Upson replicated objects that expose the fragility of American life. Living in San Bernadino, California, Upson was only too familiar with the environmental and societal dangers that encroached everyday life, whether it be wildfires, earthquakes, droughts, rampant crimes or the simple dangers of American consumerism. Over a prolific twenty year career Upson created a language of doubling, taking objects from everyday life and highlighting the psychology that accompanied them. In this exhibition, cast parts of cut down trees stand boldly yet vulnerable and their rings become evocations of time cut short. The trees were originally planted outside her home but had to be cut down to avoid wildfires, thus their beautiful frames stand in this exhibition as victims of their environment and as symbols of danger.

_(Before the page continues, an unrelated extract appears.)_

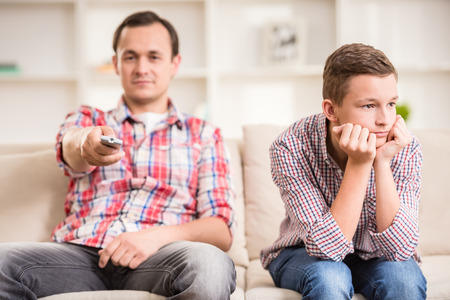 Boy sitting at sofa and get bored while his father watching television.の写真素材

In Ackroyd’s delicate surrealist drawings the body commingles with urban infrastructure to explore the contemporary experiences of femininity in urban space. Femininity is suggested but fragmented as collective and personal memories cling to the surface of her works as the body subtly merges with its environment. For example, in Untitled, 2020, fishnets become a fence around a belly button that is locked into the expectations around its gender while maintaining a sensuousness provided by the soft strokes of the pastel.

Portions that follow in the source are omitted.